Musique La violoniste et chanteuse présente son second disque lors du festival lémanique

Il y a quelques jours, à La Havane, sa grand-mère pointait du doigt depuis son rocking-chair verni les photographies de sa fierté bouclée, armée d’un violon. Quartier du Vedado, résidentiel en diable, les grosses machines américaines pétaradent entre les ruelles au cordeau, d’ombre et de lézardes. C’est là que Yilian Cañizares a touché ses premières cordes, tabassé ses premiers tambours et chanté pour la première fois le nom de dieux africains. C’est là aussi, pas très loin en tout cas, qu’elle a versé sang et rhum pour jouer Chopin.

Yilian vit depuis longtemps en Suisse. Elle est mariée à un local, très grand, qui est souvent assis dans les travées de ses concerts. Elle enseigne le violon improvisé à l’EJMA de Lausanne. Son percussionniste, Cyril Regamey, est un vrai Vaudois qui maîtrise l’afro-cubain, le jazz, tout ce qui exige transports et certitude. Mais il suffit d’écouter Invocación, deuxième album produit par le label français Naïve, pour comprendre qu’au fond, elle a très peu quitté son île. Elle y a laissé un souvenir vif. Chez le pianiste Harold Lopez-Nussa, maître de clave, de swing et de Bach, on écoute le disque de Yilian.
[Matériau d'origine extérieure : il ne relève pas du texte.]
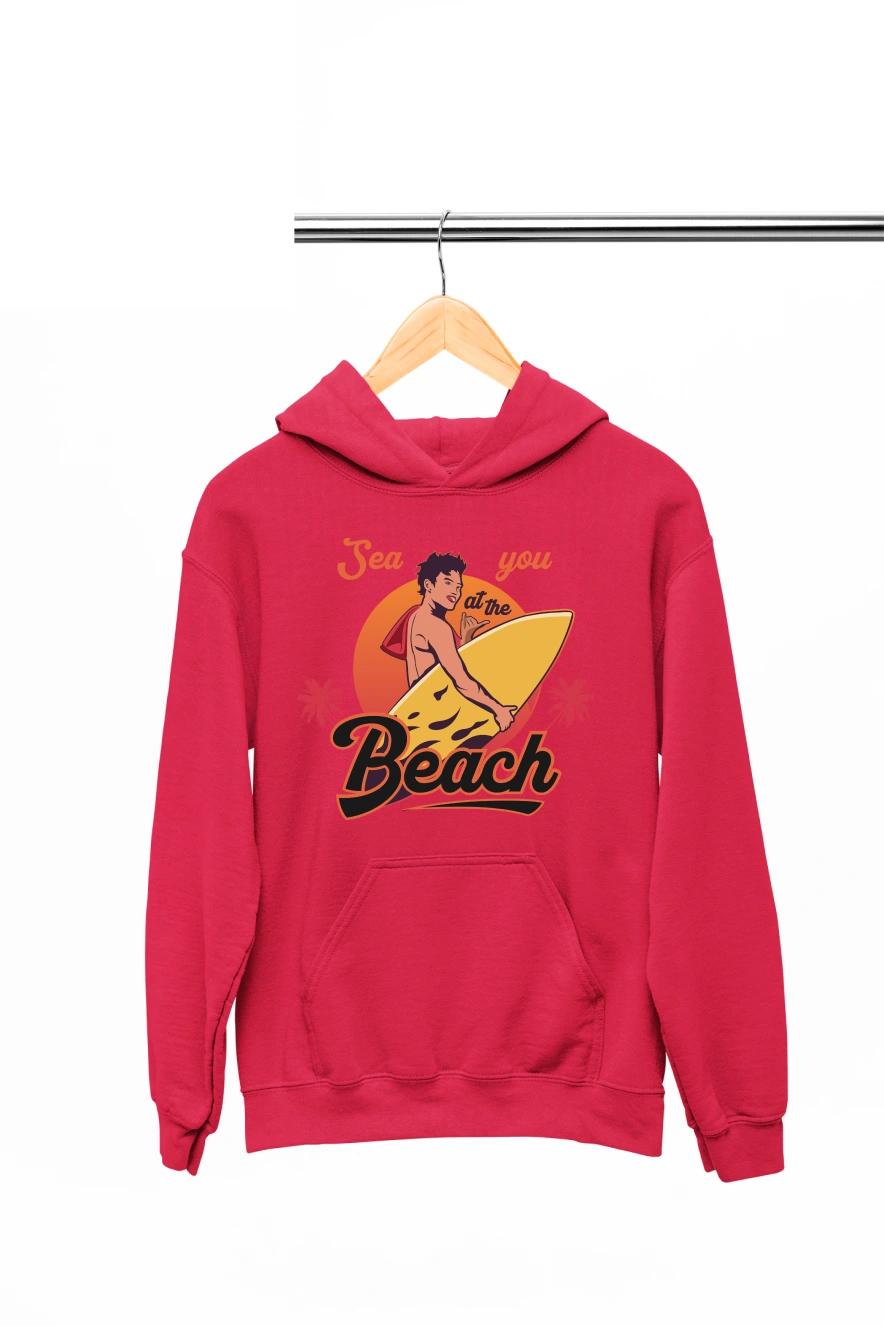 Sea You at the Beach Hoodie (Red, S)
De l’admiration, pour cette femme qui travaille sur la matière cubaine, avec la technique de ses longues études classiques, ses années au Conservatoire du Venezuela, la méthode russe, mais aussi la religion de la santeria qui, pour elle, est une matière rugueuse qu’elle ne se résout pas à poncer. Harold admire le jeu, les arrangements, elle vit à l’extérieur, en diaspora, elle se nourrit de tout ce qu’elle a traversé; elle raffole du jazz le plus contemporain et le plus frénétiquement lyrique: Avishai Cohen ou Youn Sun Nah.
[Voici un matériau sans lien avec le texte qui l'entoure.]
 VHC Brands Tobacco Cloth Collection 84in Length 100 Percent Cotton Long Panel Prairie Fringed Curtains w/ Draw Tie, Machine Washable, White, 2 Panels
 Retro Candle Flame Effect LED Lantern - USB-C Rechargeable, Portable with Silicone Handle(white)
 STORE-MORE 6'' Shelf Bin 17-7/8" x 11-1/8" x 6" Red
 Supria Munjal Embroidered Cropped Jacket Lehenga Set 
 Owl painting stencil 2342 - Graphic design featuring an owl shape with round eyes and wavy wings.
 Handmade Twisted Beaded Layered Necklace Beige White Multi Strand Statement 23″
Libérée de l’héritage cubain

Son disque, dont la direction artistique est assurée par Alê Siqueira (Mayra Andrade, Roberto Fonseca, Marisa Monte), dépasse de très loin les réussites du précédent. Il n’est plus écrasé par l’héritage cubain, par les démonstrations du latin-jazz, par une culture à laquelle elle s’est longtemps sentie contrainte de rendre hommage. S’il y a du cubain, dans Invocación , c’est pour le démanteler, lui tordre l’âme, l’essorer, imposer le tremblement plutôt que le style. Yilian chante. Elle va même jusqu’à Piaf. Elle dit qu’elle ne regrette rien avec une légère houle dans la voix qui trahit quelque mélancolie. Invocación , disque de mémoire et de possession, vole du rap (Akua Naru en majesté) à la prière créolisée. Il passe très près du prodige.

Yilian Cañizares & Ochumare en concert. Sa 11 avril, 20h30, Cully Jazz Festival. www.cullyjazz.ch Yilian Cañizares, Invocación (Naïve/Musikvertrieb).